-- Provided data follows --
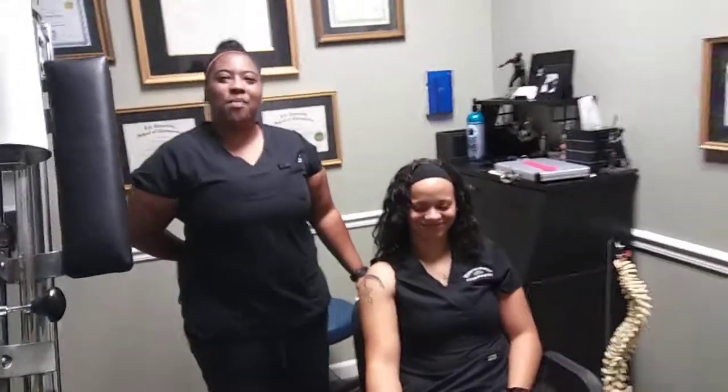Hi, this is student intern Marquisha Walker at Bradford Family Chiropractic. Today we're going to be doing some treatment on Bicipital Tendinitis.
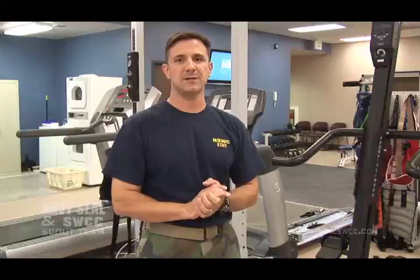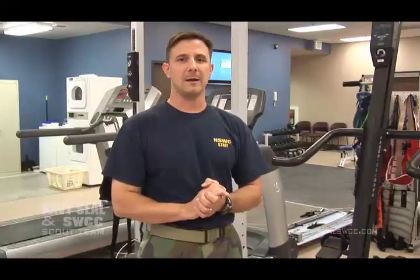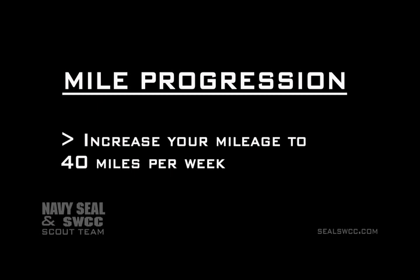I would encourage you to slowly progress your mileage to a 40-mile-per-week goal. Your bones can only handle 10% more than they were doing the week before. So when you come here to Budge, you will be running at least 40 miles per week. It should be a good goal for you to slowly, over time, progress your mileage to at least 40 miles per week running.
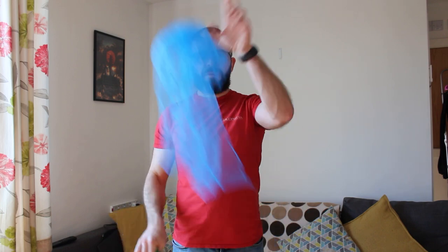It doesn't matter which hand you start with. Throw, throw, catch, catch. What we're really looking for are two throws and that lovely X shape in the middle.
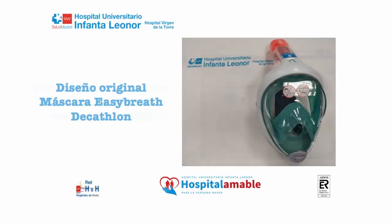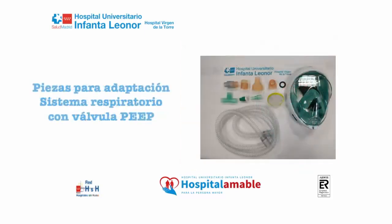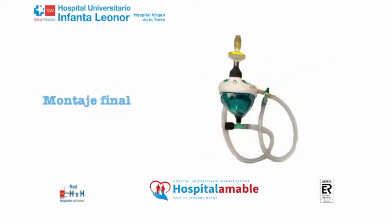Original Decathlon Easy Breath Mask. Parts of Respiratory System with Peep Valve Adaptation. Final Design.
-- Provided data concluded --
### Try it
Repeat word for word the lines from the one holding "I would encourage" through the last line of the listing above, including both ends. Drop the pictures.

### Problem solution
I would encourage you to slowly progress your mileage to a 40-mile-per-week goal. Your bones can only handle 10% more than they were doing the week before. So when you come here to Budge, you will be running at least 40 miles per week. It should be a good goal for you to slowly, over time, progress your mileage to at least 40 miles per week running.
It doesn't matter which hand you start with. Throw, throw, catch, catch. What we're really looking for are two throws and that lovely X shape in the middle.
Original Decathlon Easy Breath Mask. Parts of Respiratory System with Peep Valve Adaptation. Final Design.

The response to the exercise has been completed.